Приняв гражданство Мексики, в течение десяти лет Шеринг занимался почти исключительно преподавательской деятельностью. Лишь в 1956 году по предложению Артура Рубинштейна состоялось первое после долгого перерыва выступление скрипача в Нью-Йорке, вернувшее ему мировую известность. В течение последующих тридцати лет вплоть до своей смерти Шеринг совмещал преподавание с активной концертной работой. Он умер во время гастролей в Касселе и похоронен в Мехико.

Шеринг обладал высокой виртуозностью и элегантностью исполнения, хорошим чувством стиля. В его репертуар входили как классические сочинения для скрипки, так и произведения современных авторов, в том числе композиторов Мексики, чьи сочинения он активно пропагандировал. Шеринг был первым исполнителем посвящённых ему композиций Бруно Мадерны и Кшиштофа Пендерецкого, в 1971 году он впервые исполнил Третий скрипичный концерт Никколо Паганини, партитура которого в течение многих лет считалась утерянной и была обнаружена лишь в 1960-е годы.

Дискография Шеринга весьма обширна и включает в себя антологию скрипичной музыки Моцарта и Бетховена, а также концерты Баха, Мендельсона, Брамса, Хачатуряна, Шёнберга, Бартока, Берга, многочисленные камерные сочинения и др. В 1974 и 1975 годах Шеринг получил премию «Грэмми» за исполнение фортепианных трио Шуберта и Брамса совместно с Артуром Рубинштейном и Пьером Фурнье.
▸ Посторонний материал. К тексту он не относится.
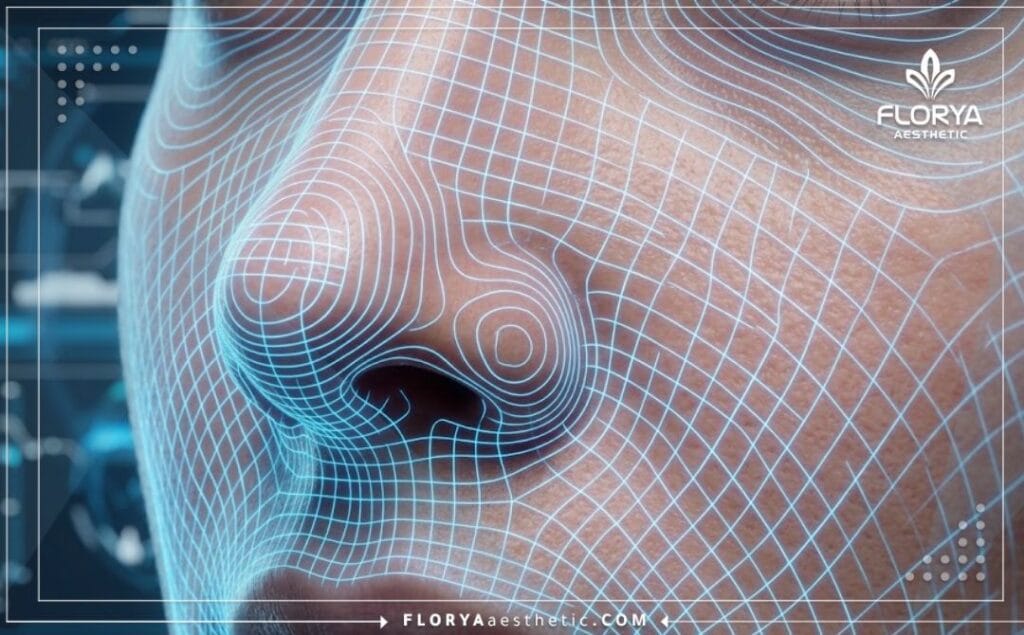 High-tech digital 3D scan highlighting the nasal anatomical area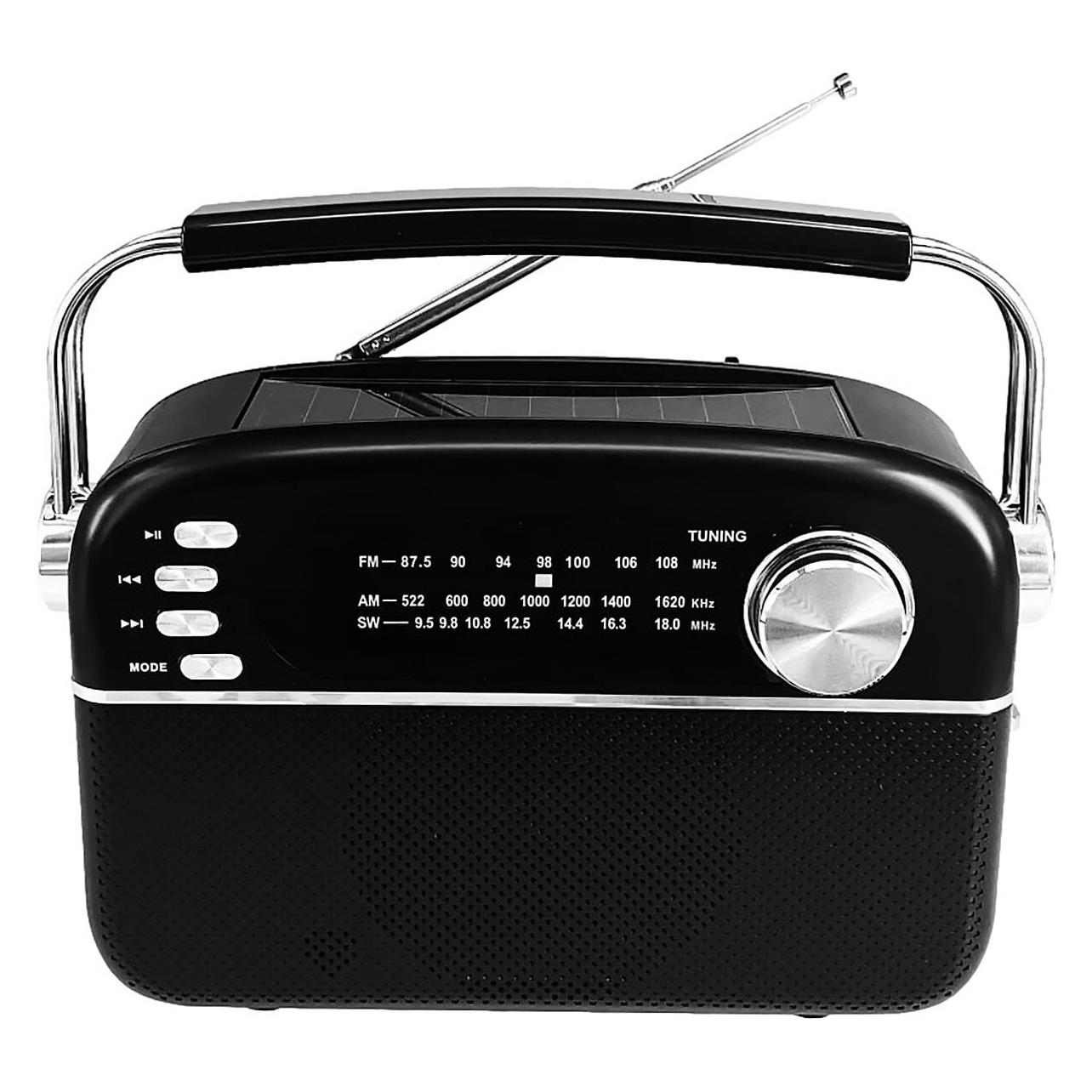 Manta Tragbares FM/AW/SW-Radio mit Solarpanel (AM, FM, Bluetooth) (RDI918B)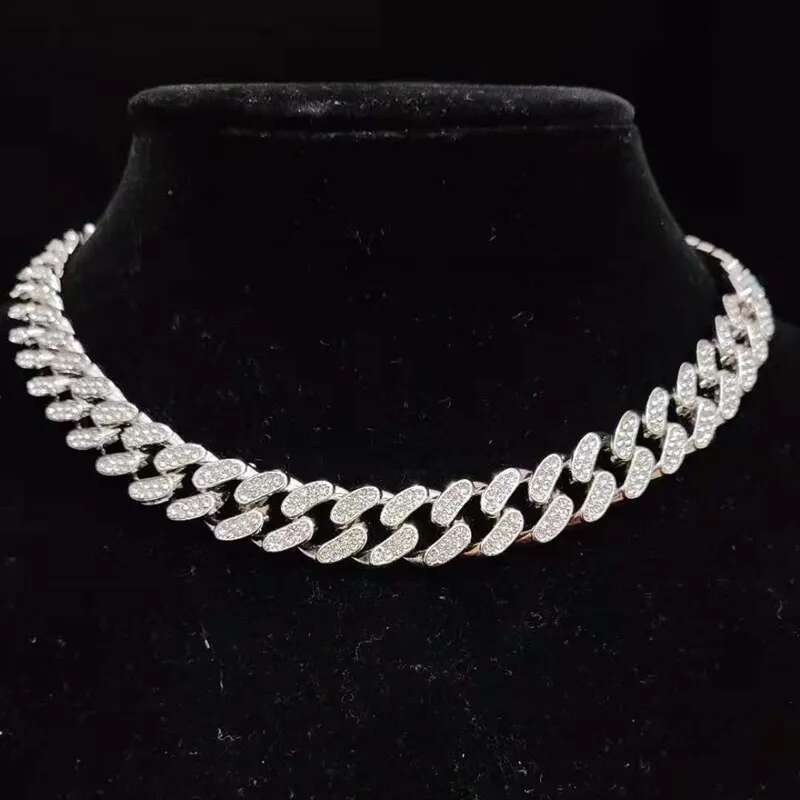 Men Women Hip hop Iced Out Bling chain Necklace 13mm Miami Cuban Chains HipHop Necklaces Fashion Charm Jewelry
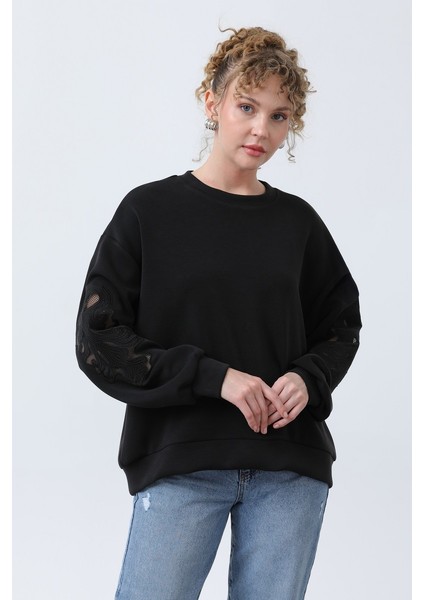 Kadın 32165 Kollar File Nakışlı Sweatshirt modelleri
Генрик Шеринг принадлежит к числу исполнителей, которые считают одной из важнейших обязанностей пропаганду новой музыки разных стран и направлений. В беседе с парижским журналистом Пьером Видалем он признался, что, выполняя эту добровольно взятую на себя миссию, чувствует огромную общественную и человеческую ответственность. Ведь часто он обращается к произведениям «крайне левым», «авангардистским», притом принадлежащим совсем неизвестным или мало известным авторам, и от него, фактически, зависит их судьба.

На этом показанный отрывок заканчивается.